ChatGPT Differentiation (Automation Templates)
I can help you create automation-ready templates for:
1. CRM tools like HubSpot or Salesforce:
• Trigger: Churn risk criteria met
• Action: Auto-email, task creation, and follow-up logging
• Format: JSON, YAML, or CSV for Zapier, Make, or native automation
2. Zapier / Make (Integromat) flows:
• Trigger: New entry in Google Sheets / CRM
• Filter: Check if criteria exceed thresholds
• Action: Send templated email via Gmail / Outlook or create Slack alert
3. SQL + Retool / internal dashboard alerts:
• Periodic churn-risk scan → flag customers → show in dashboard
Would you like a specific one of these generated for you? If yes, which tool are you using?

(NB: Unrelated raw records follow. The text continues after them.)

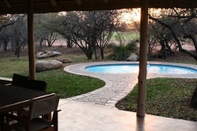 Swimming Pool Leriba Golf Lodge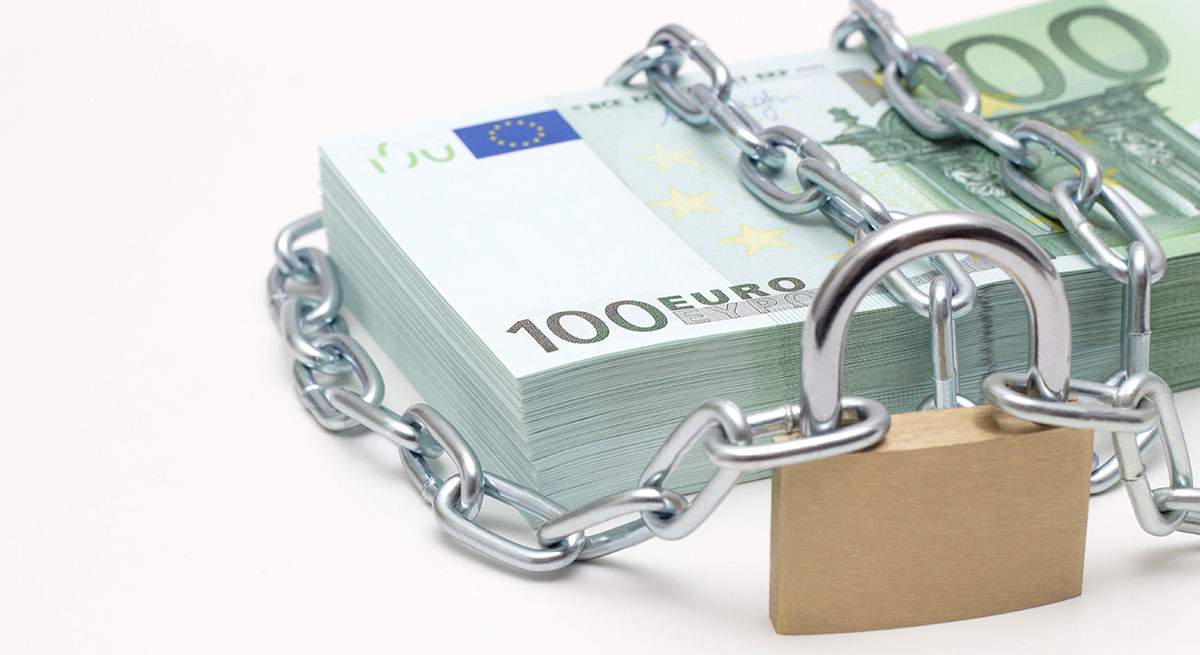dinero-encadenado-1200-istock.jpg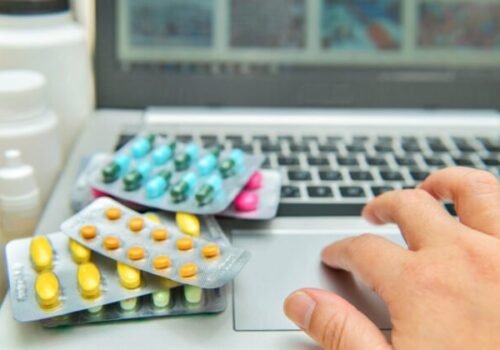 Mladíci z Oždian majú zdravotné ťažkosti po užití látok, ktoré si objednali cez internet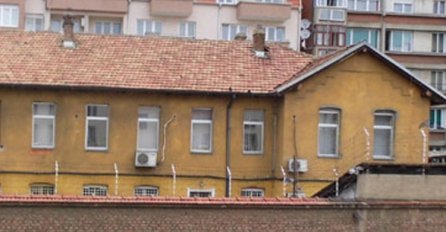 Upravnik pirotskog zatvora snimljen u "akciji" sa ljubavnicom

Claude Differentiation (The Playbook)
Claude’s playbook is several pages of multi-stage reactions to each condition cropping up. ChatGPT’s playbook seems positively anemic in comparison. I highly recommend looking at the two and comparing for yourself. (See below, down below the summary.)
The Summary
Claude and ChatGPT came to basically the same conclusions (good), but took very different paths in terms of how to help the prompter with solving the problem going forward. ChatGPT opted for direct action, with helping the user develop templates in the CRM that would act to find these situations going forward. Claude opted to provide much more detailed responses for use in each situation. This is an excellent representation of each company – Anthropic with their skill and finesse in writing, and OpenAI having a more clinical, technical bent.